System administrators and developers are challenged by understanding the elapsed time of heterogeneous and distributed programs in order to improve response time. Profilers are useful to identify hotspot code in an application, but they do not take the wait time into account. A task can block for a device, a local task using any inter-process communication or a task running on another computer. We present a technique using solely kernel tracing to recover the active path of a computation, crossing machines barrier. The technique uses scheduling, interrupt and network events, but does not require system call tracing nor user space instrumentation. Therefore, this technique works for any programming language, and includes interactions with kernel threads. We show the analysis result of actual use-cases, including shell scripts, RPC request, file server and web app.
The main audiences are system administrators and developers concerned by performance issues of distributed applications. In addition, kernel developers may be interested into the instrumentation required to perform this analysis efficiently. In general, it should benefit anybody interested to see how software design influence the relationship between tasks according to time, which is mainly hidden and that must be imagined otherwise.

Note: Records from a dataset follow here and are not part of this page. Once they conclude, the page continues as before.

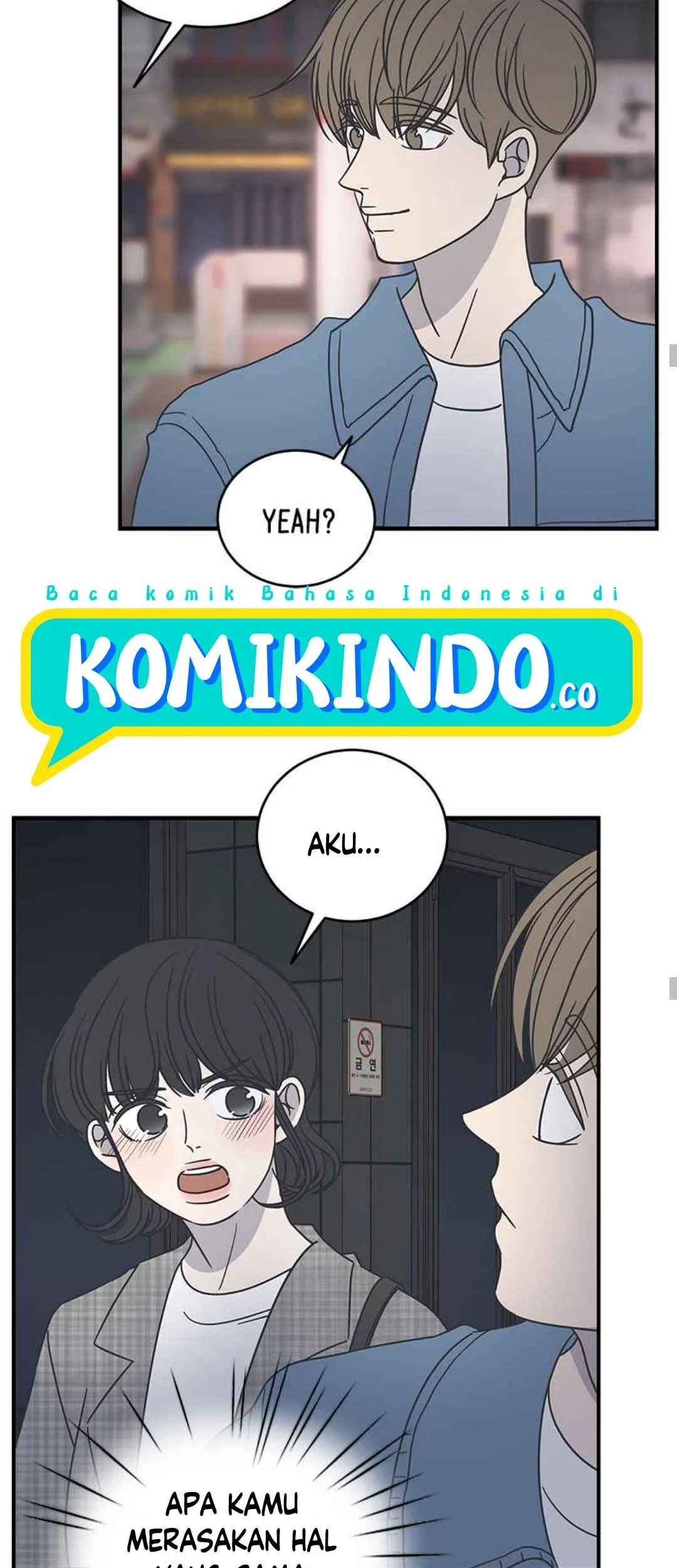 Chapter 56 - halaman 39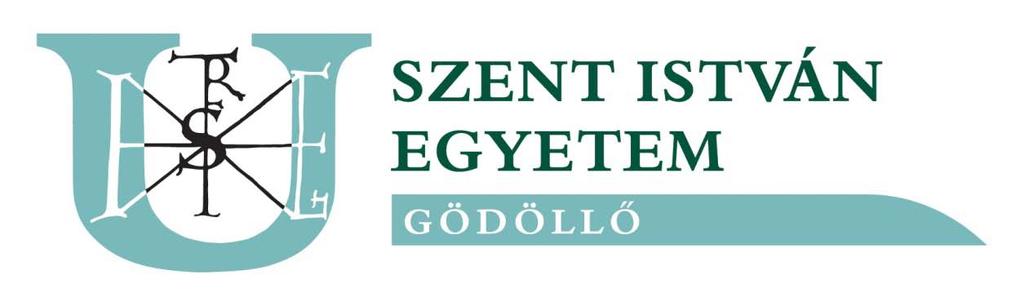 BÚZA TÖRPÜLÉS VÍRUS REZISZTENCIA KIALAKÍTÁSA ÁRPÁBAN MESTERSÉGES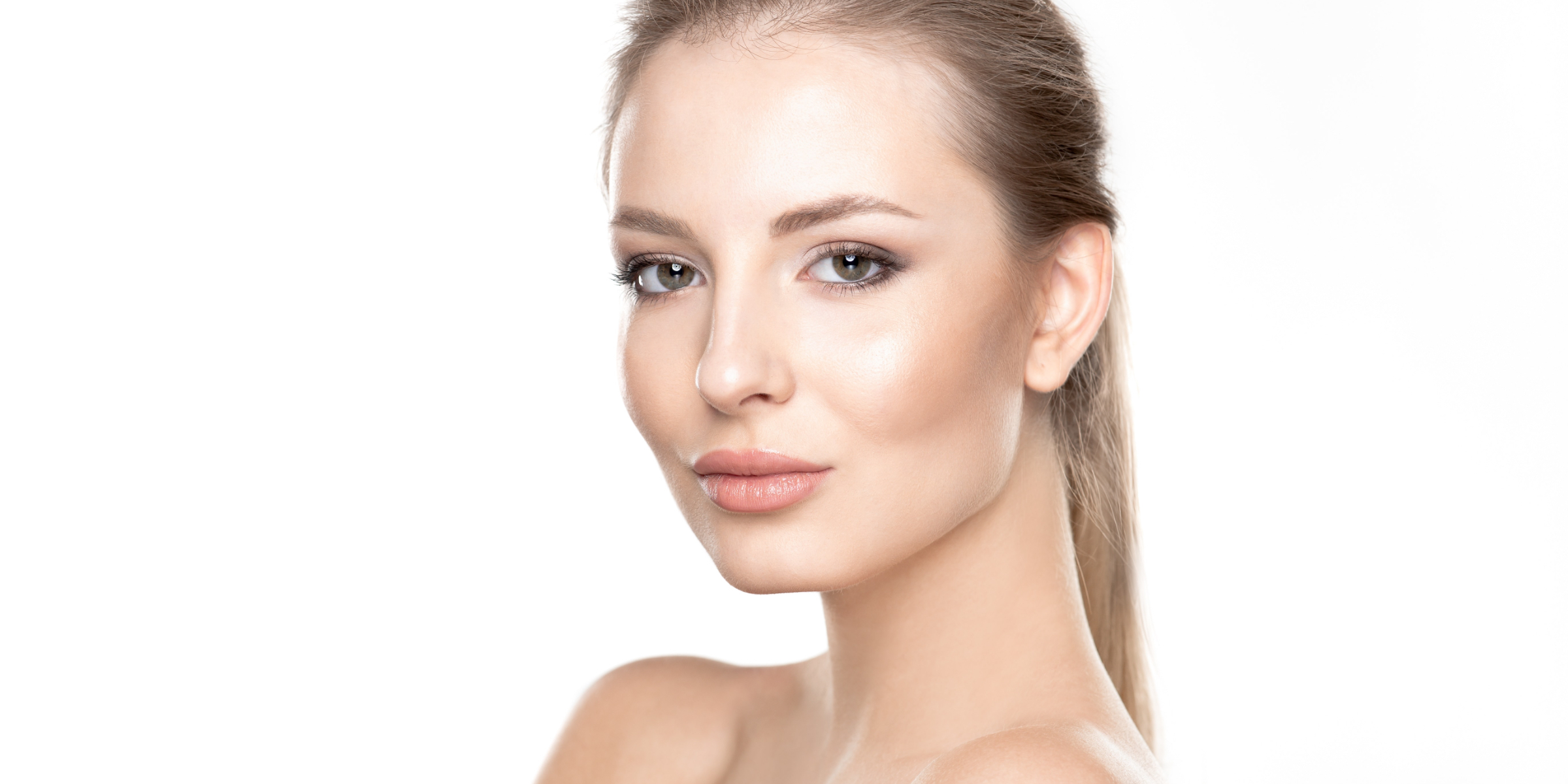 Evoke RF Treatments St. Augustin, FL Facial Rejuvenation Centre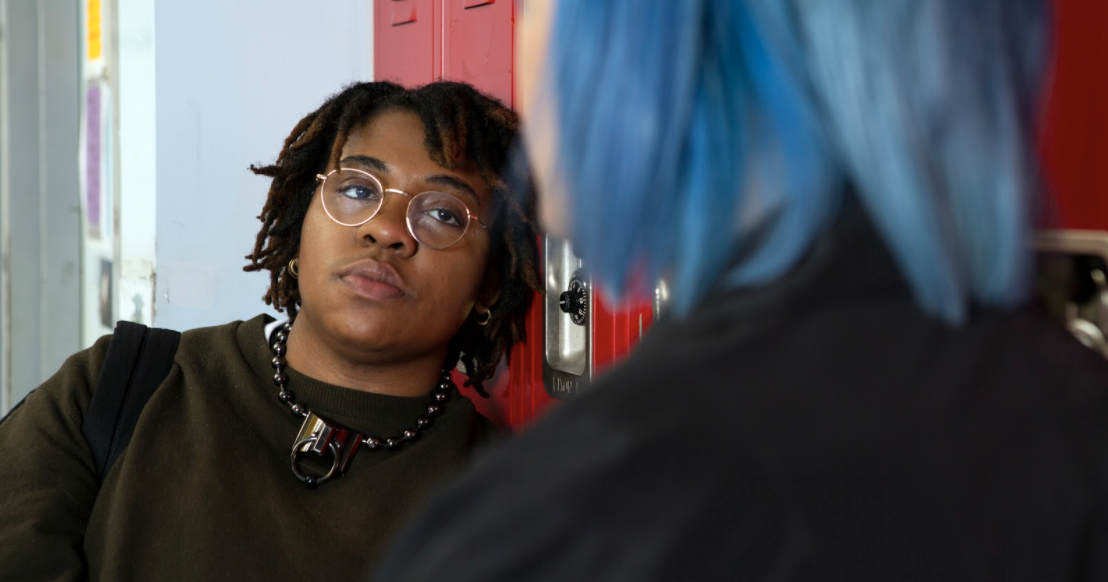 Screen Shot 2021-03-08 at 11.03.20 AM.png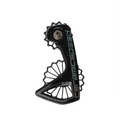 ceramicspeed-ospw-rs-20th-anniversary-edition-for-shimano-9250-8150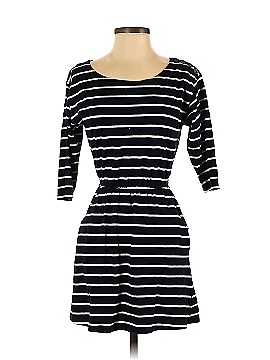 Forever 21 Casual Dress (view 1)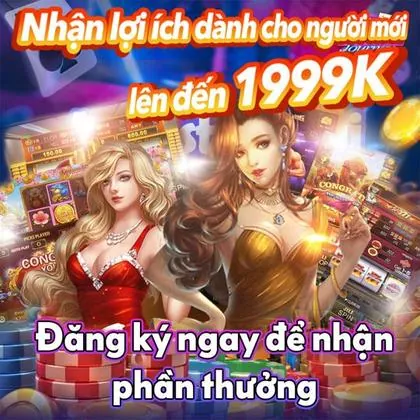 AKAK AKAK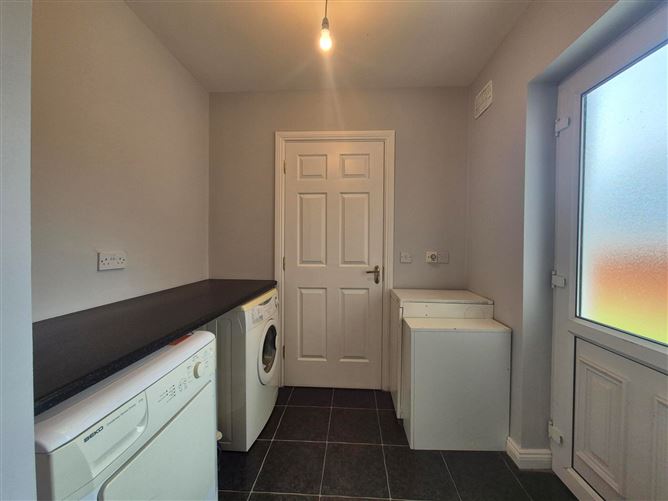 Photo 11 of 22 — 40 Cois na hAbhainn, Ballygaddy Road, Tuam, Co. Galway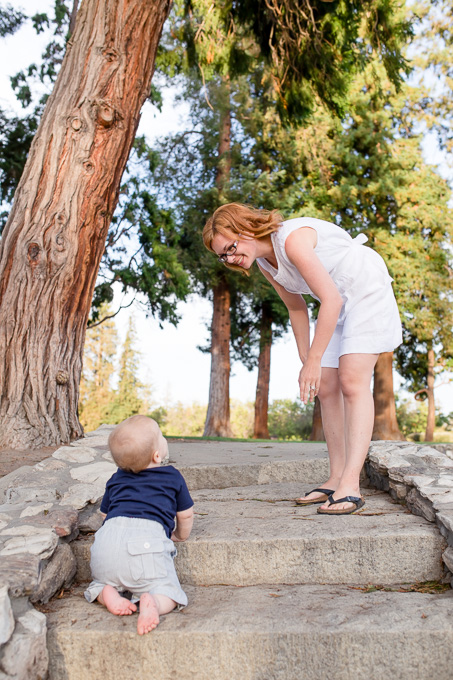 Bay area lifestyle portrait photographer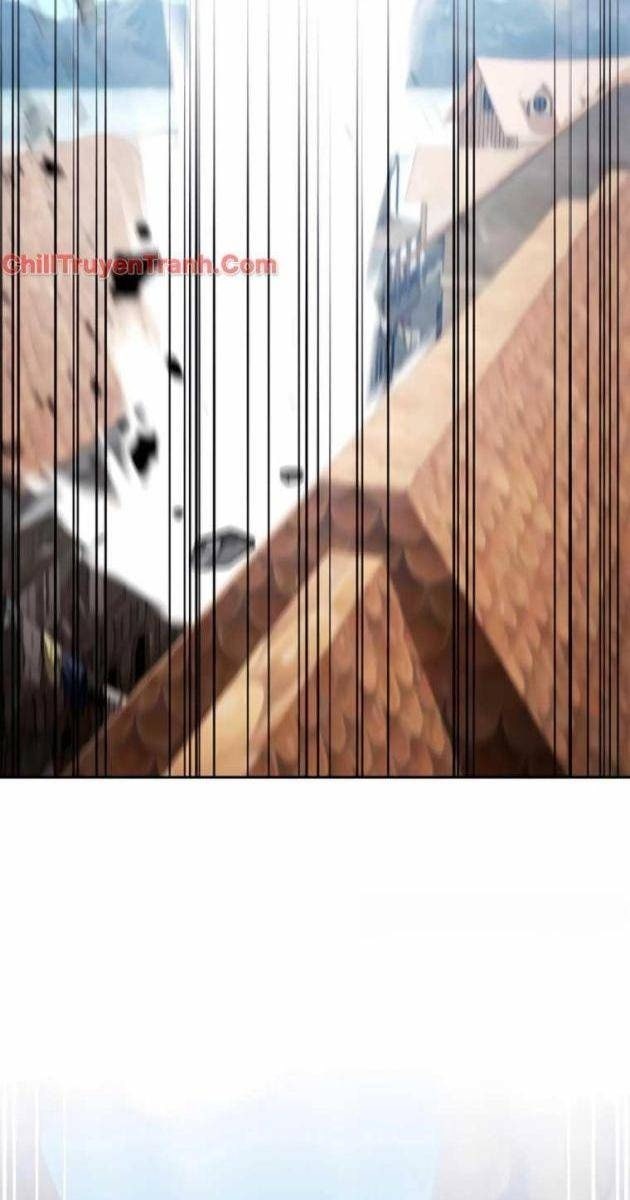 Bản Ngã Thay Đổi - Page 104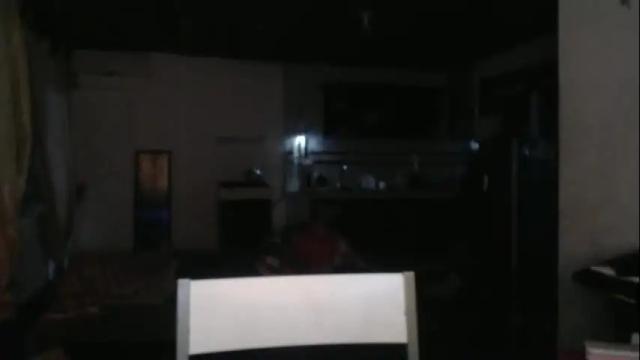 Image 3 of queennicky88 Stream on Chaturbate on 2 months ago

Francis Giraldeau is a Linux enthusiast since 15 years. He deployed large-scale and high-availability infrastructure based on open source software, and worked as software quality manager, which led him to contribute patches to many projects. He developed the support for Apache web server in the Augeas configuration file editing tool. Currently, his research focuses on the automatic analysis of operating system traces to understand the performance and the behavior of distributed applications.